### GIVEN ENTRIES

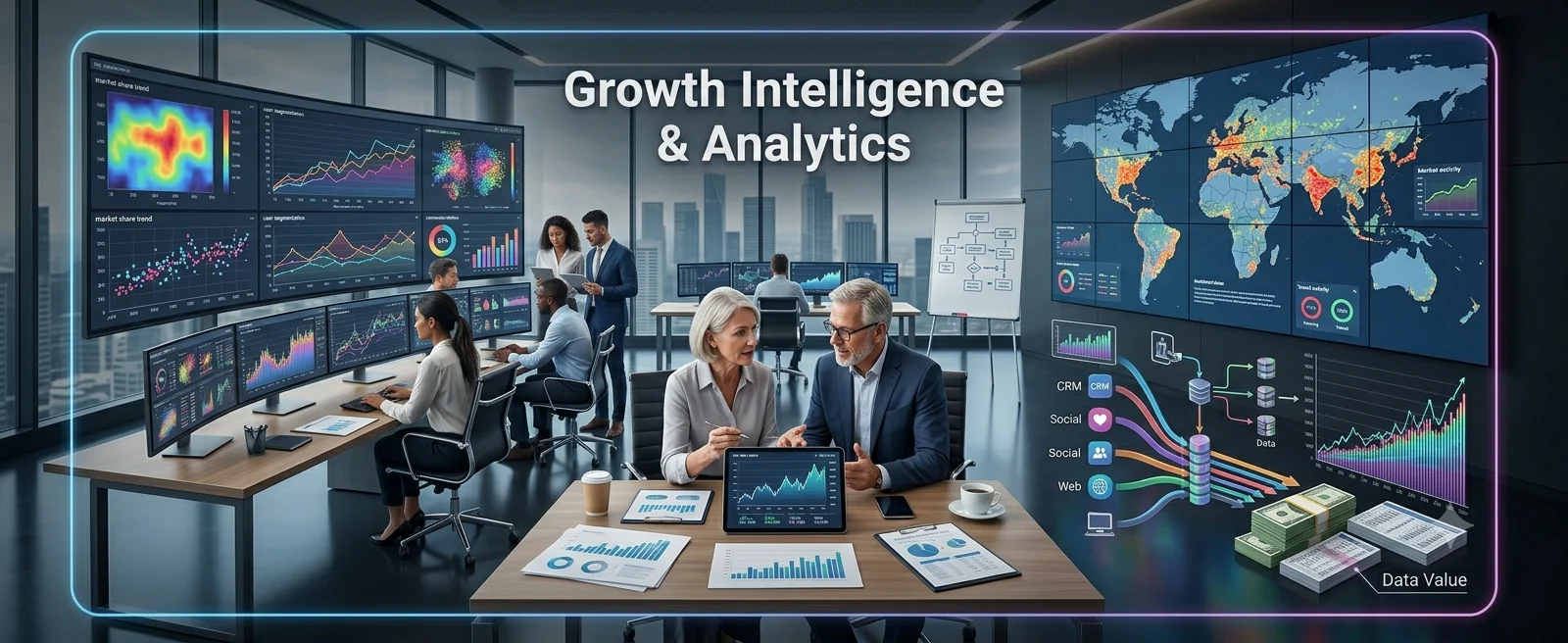 Growth Intelligence and Analytics command center with executive dashboards, revenue analytics and data value insights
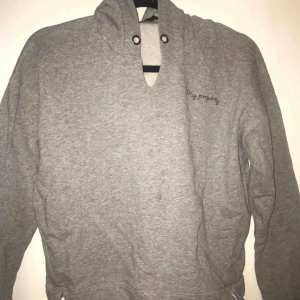  - Hoodie med insytt ”my property” på bröstet från ellos.  Snöret i luvan har ramlat bort.  Modellen är Lite urringad precis vid halsen.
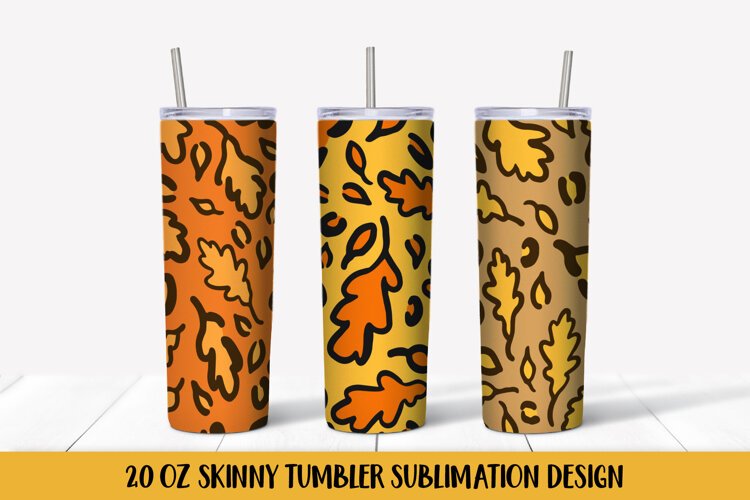 Fall Leaves Leopard Tumbler Wrap Sublimation Design FLT055 example image 1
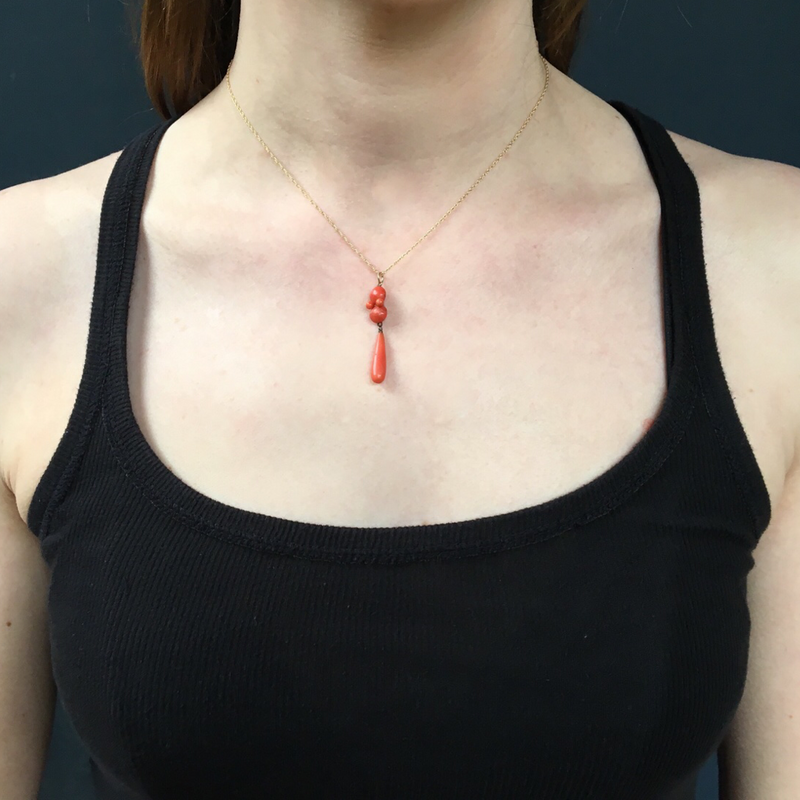 Victorian Coral Drop Necklace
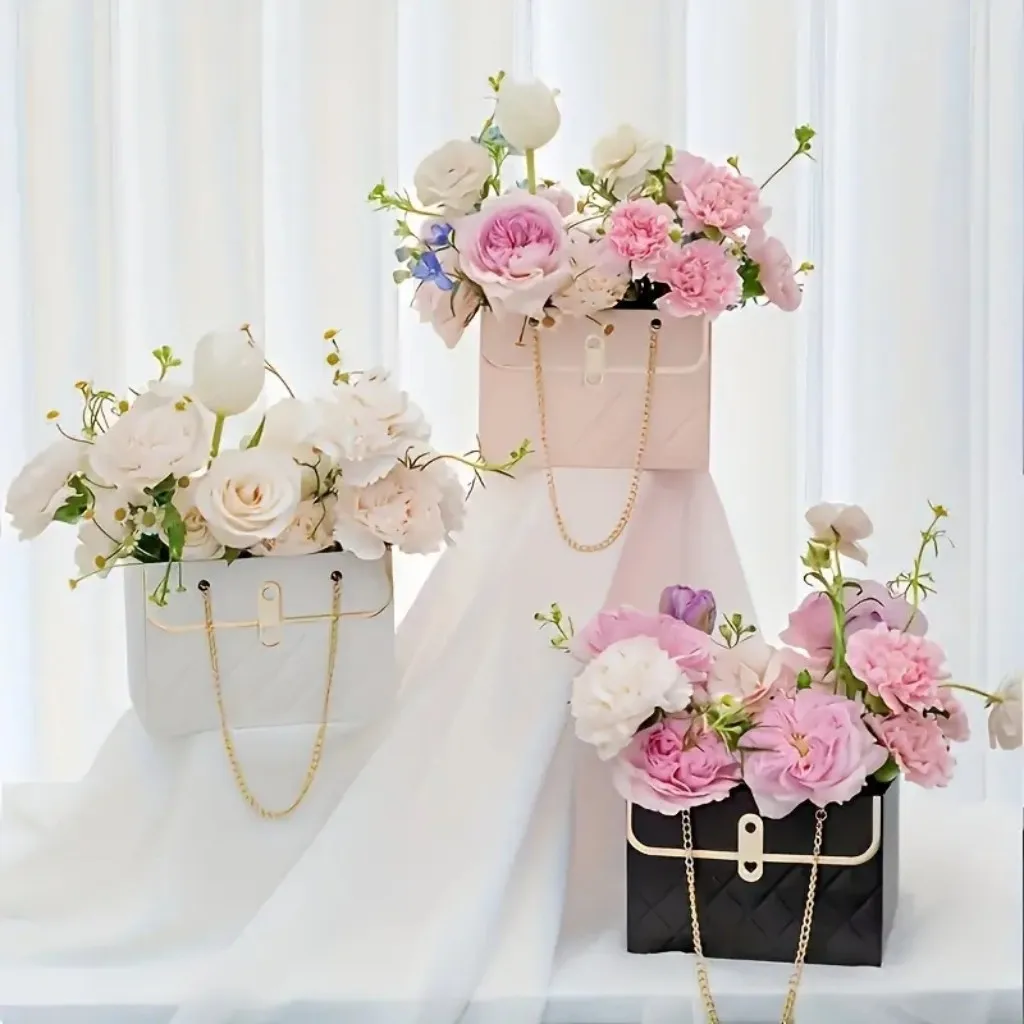 

10pcs Portable Flower Box Rose Flowers Packaging Box, Wrapping Paper Bouquet Storage Bucket For Florist Flower Shop Wedding Vale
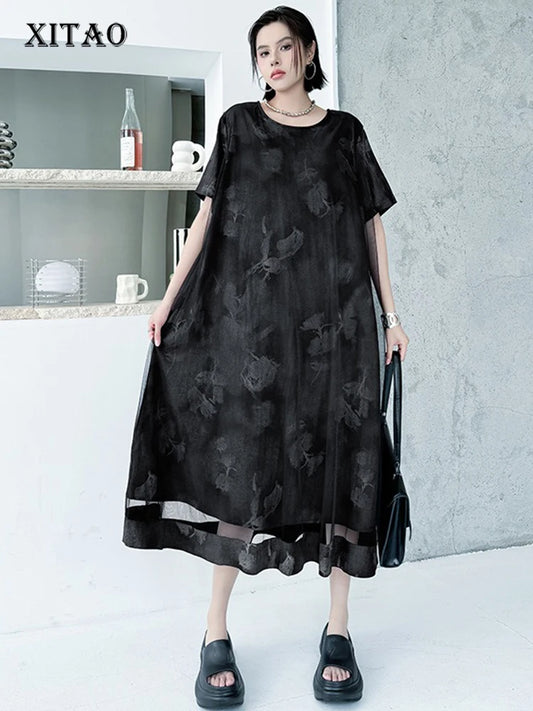 XITAO Print Patchwork Gauze Female Dress Short Sleeve O-neck A-line Loose Elegant Temperament Summer Woman Dress ZMY1239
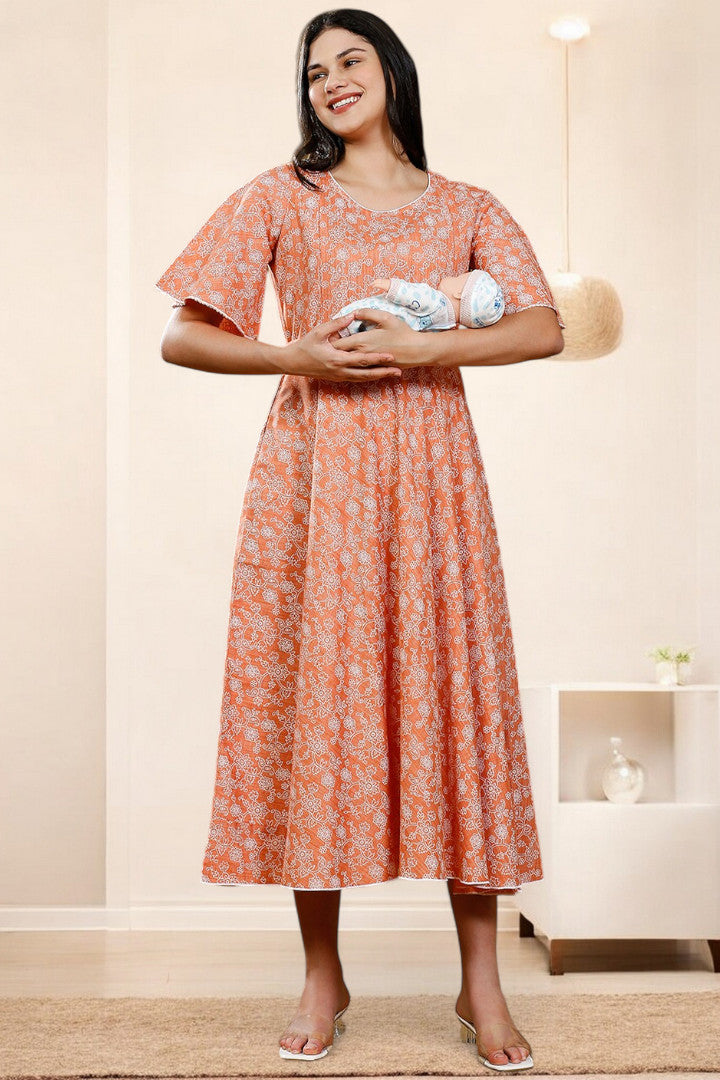 PolyCotton Printed Maternity Kurta – Designed for Pregnancy & Nursing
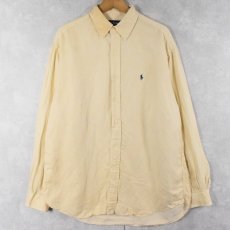 画像1: Ralph Lauren "BLAKE" ロゴ刺繍 シルク×リネンボタンダウンシャツ L (1)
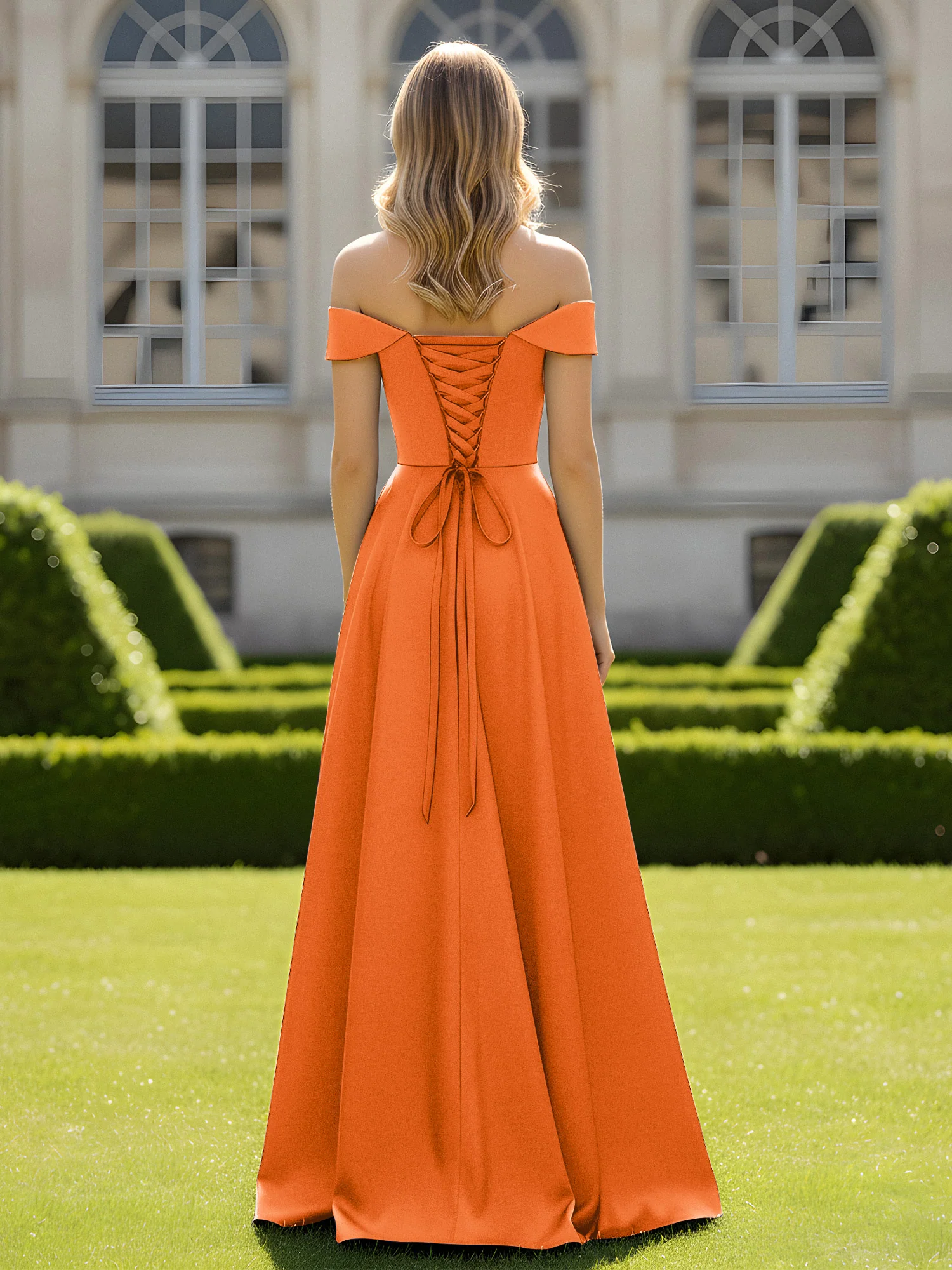 Off-The-Shoulder A-Line Satin Minimal Dress Orange - Image 2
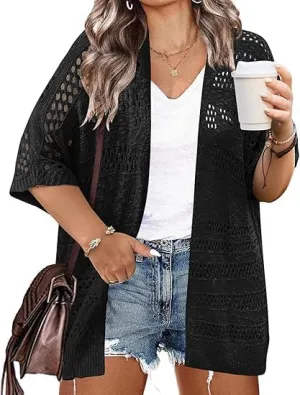 Beyove Plus Size Women Short Sleeve Summer Kimonos Boho Open Front Knitted Cardigans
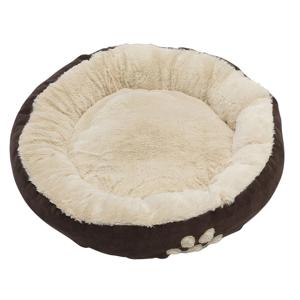 Hondenmand/hondenkussen - huisdieren - rond - dia 58 cm - bruin/beige - polyester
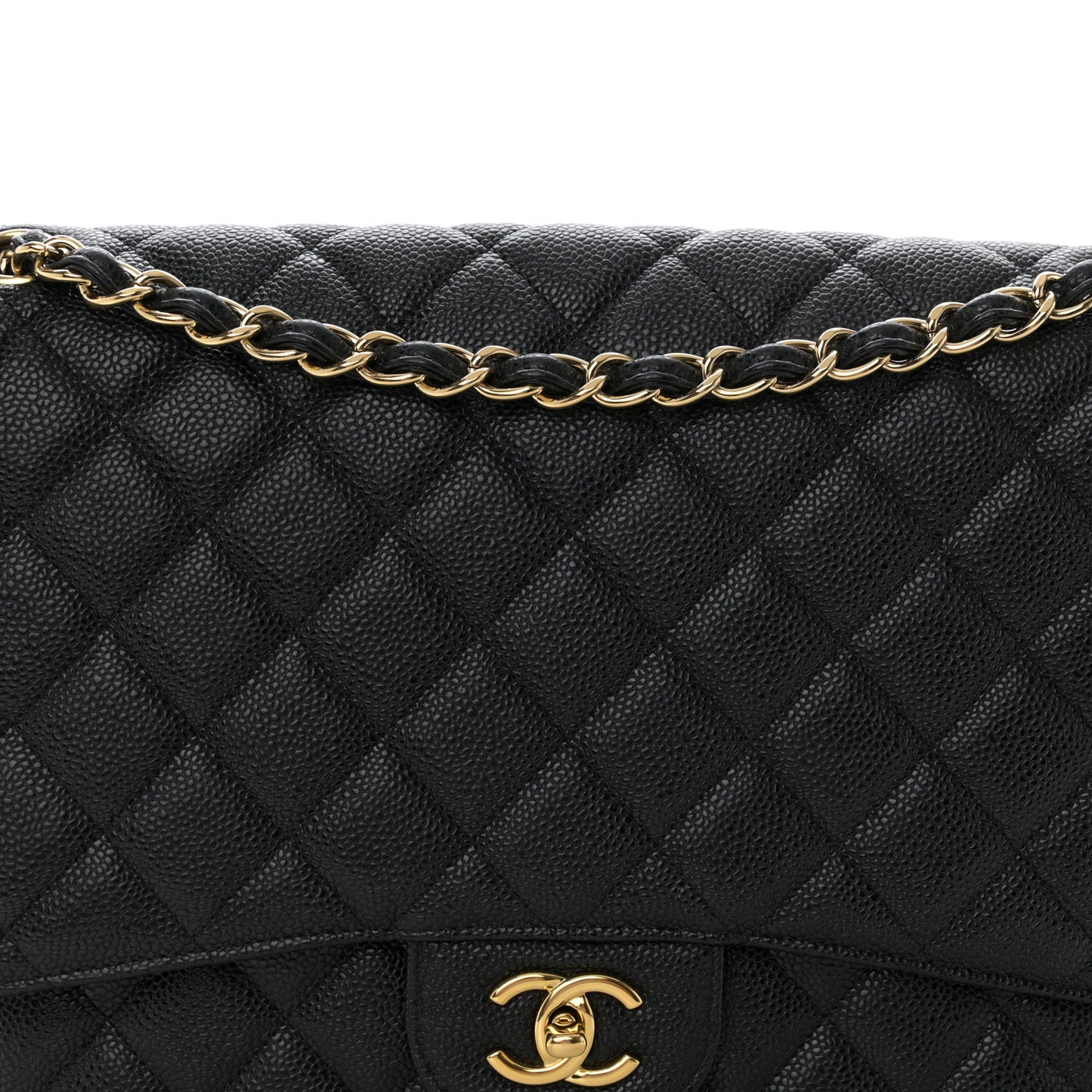 Caviar Quilted Maxi Single Flap Black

### YOUR TASK
Would you please write out exactly the lines between the line containing "Off-The-Shoulder A-Line Satin" and the last line of the listing above, inclusive, without pictures?

### TASK RESULT
 Off-The-Shoulder A-Line Satin Minimal Dress Orange - Image 2
 Beyove Plus Size Women Short Sleeve Summer Kimonos Boho Open Front Knitted Cardigans
 Hondenmand/hondenkussen - huisdieren - rond - dia 58 cm - bruin/beige - polyester
 Caviar Quilted Maxi Single Flap Black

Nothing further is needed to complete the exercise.